§ TASK PROMPT
Only the lines from the one that contains "DCFashion Fool closeup of gray suit" to the last line below, both included, should be transcribed. Pictures stay out of the copy.

BEGIN

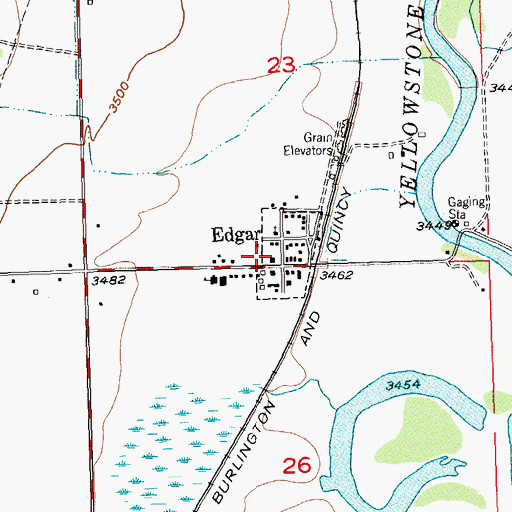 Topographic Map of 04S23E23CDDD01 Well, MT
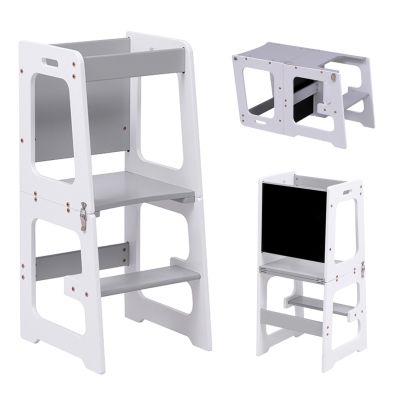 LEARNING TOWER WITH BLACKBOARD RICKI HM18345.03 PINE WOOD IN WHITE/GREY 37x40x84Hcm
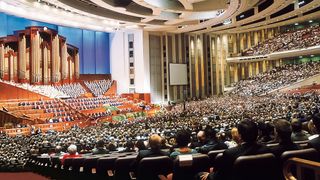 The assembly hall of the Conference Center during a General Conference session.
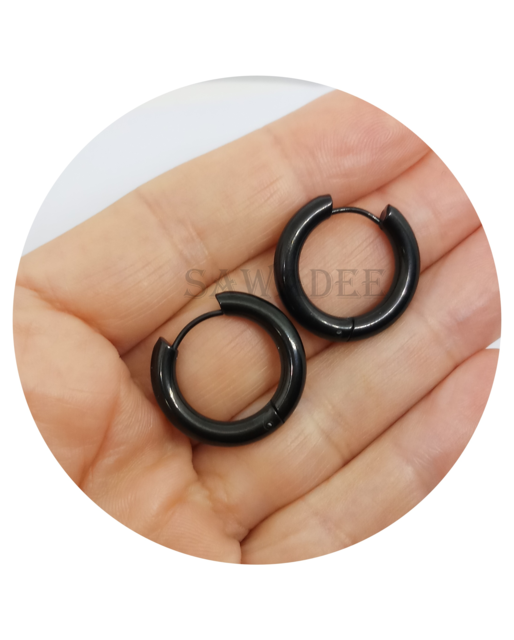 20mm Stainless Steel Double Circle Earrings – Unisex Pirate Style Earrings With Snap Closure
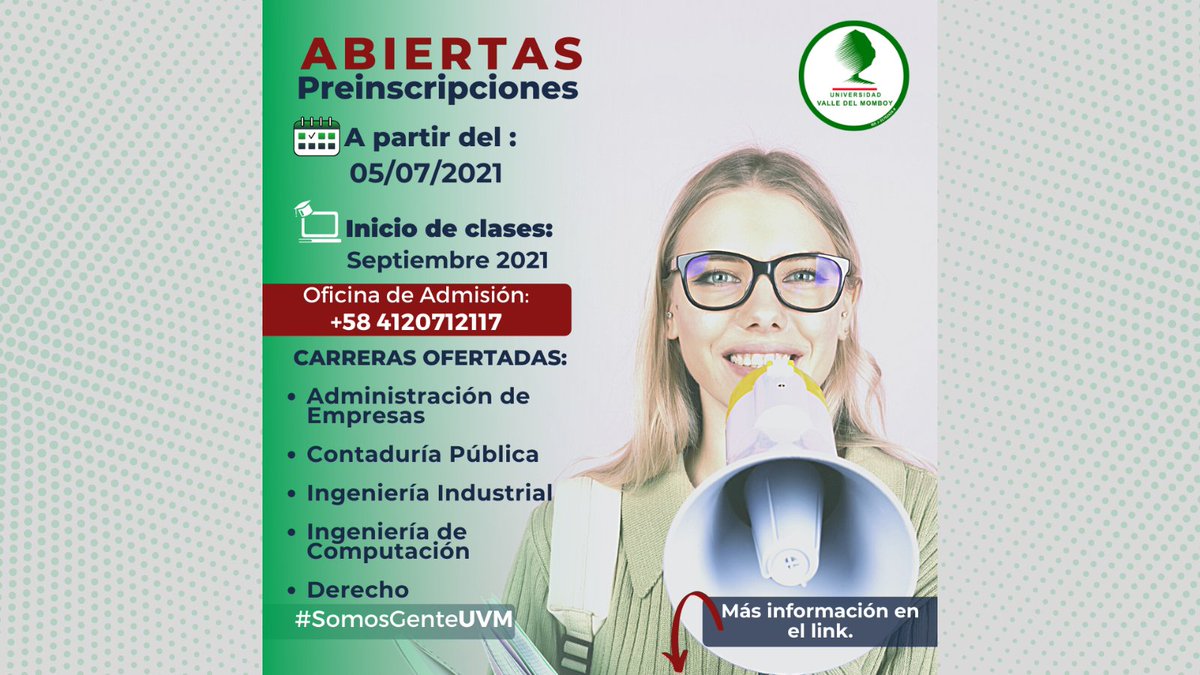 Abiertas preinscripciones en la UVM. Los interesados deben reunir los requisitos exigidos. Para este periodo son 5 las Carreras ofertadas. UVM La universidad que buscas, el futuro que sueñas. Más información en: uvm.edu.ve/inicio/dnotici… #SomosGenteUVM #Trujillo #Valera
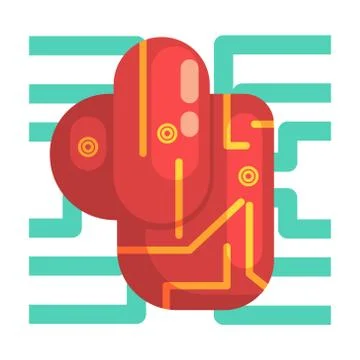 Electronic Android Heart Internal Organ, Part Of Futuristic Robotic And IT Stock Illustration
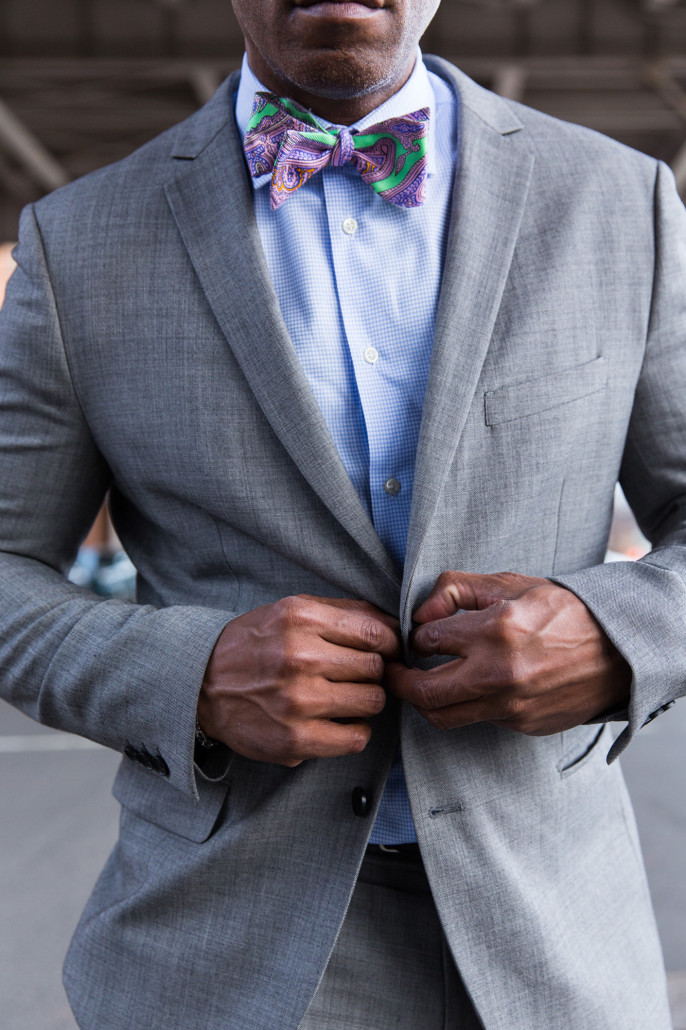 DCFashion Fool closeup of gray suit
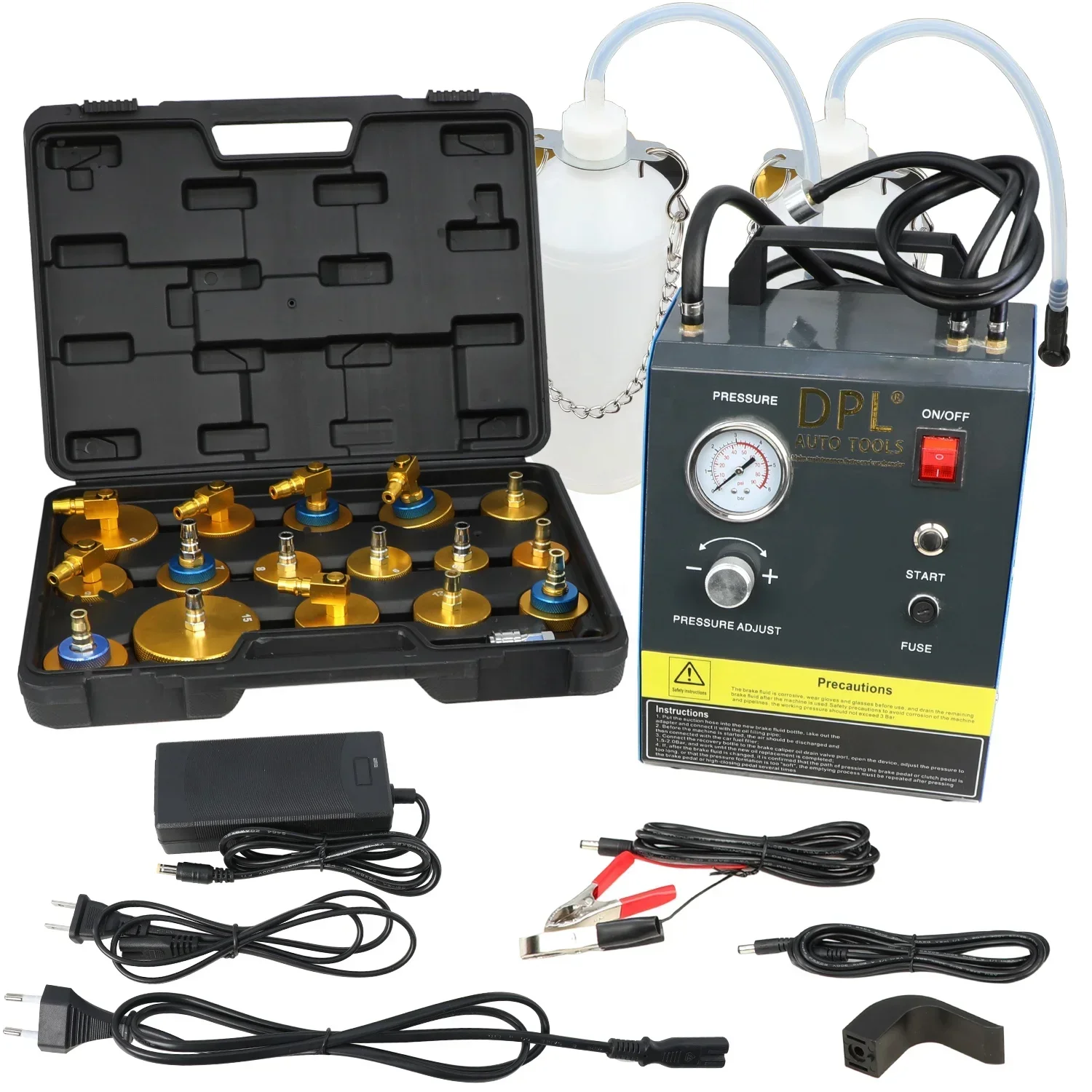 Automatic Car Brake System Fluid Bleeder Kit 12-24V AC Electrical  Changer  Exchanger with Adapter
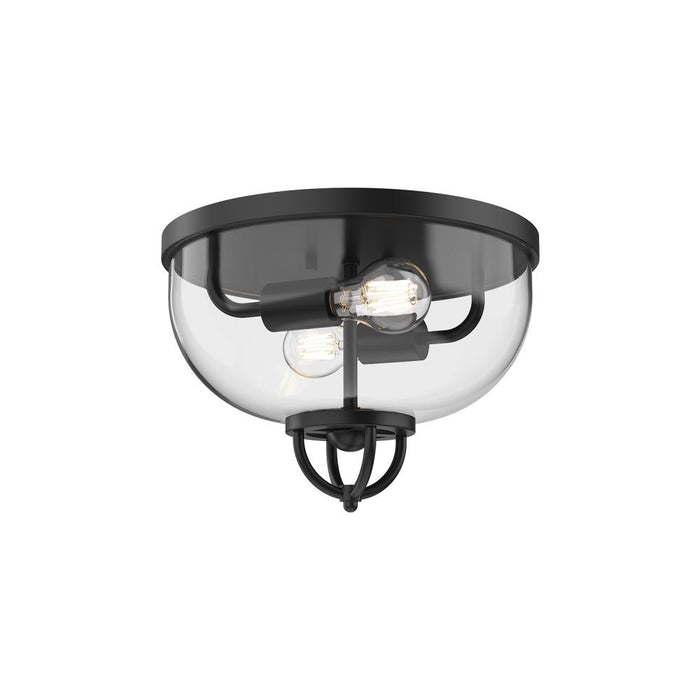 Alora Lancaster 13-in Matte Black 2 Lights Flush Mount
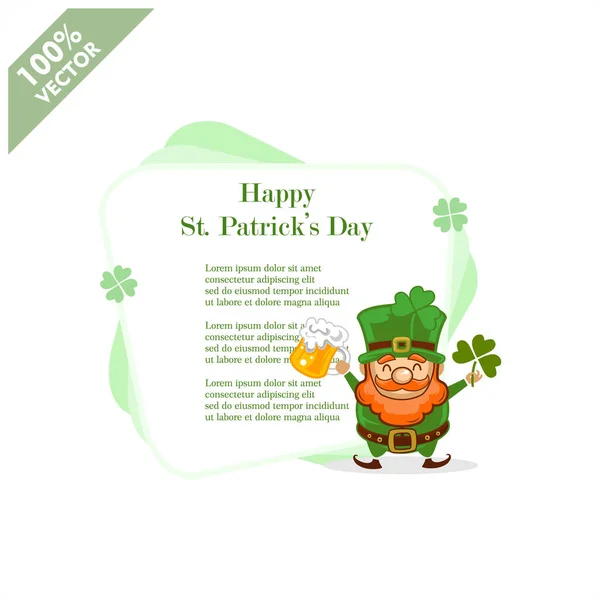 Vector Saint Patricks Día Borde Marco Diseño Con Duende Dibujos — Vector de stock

END

§ TASK OUTPUT
 DCFashion Fool closeup of gray suit
 Automatic Car Brake System Fluid Bleeder Kit 12-24V AC Electrical  Changer  Exchanger with Adapter
 Alora Lancaster 13-in Matte Black 2 Lights Flush Mount
 Vector Saint Patricks Día Borde Marco Diseño Con Duende Dibujos — Vector de stock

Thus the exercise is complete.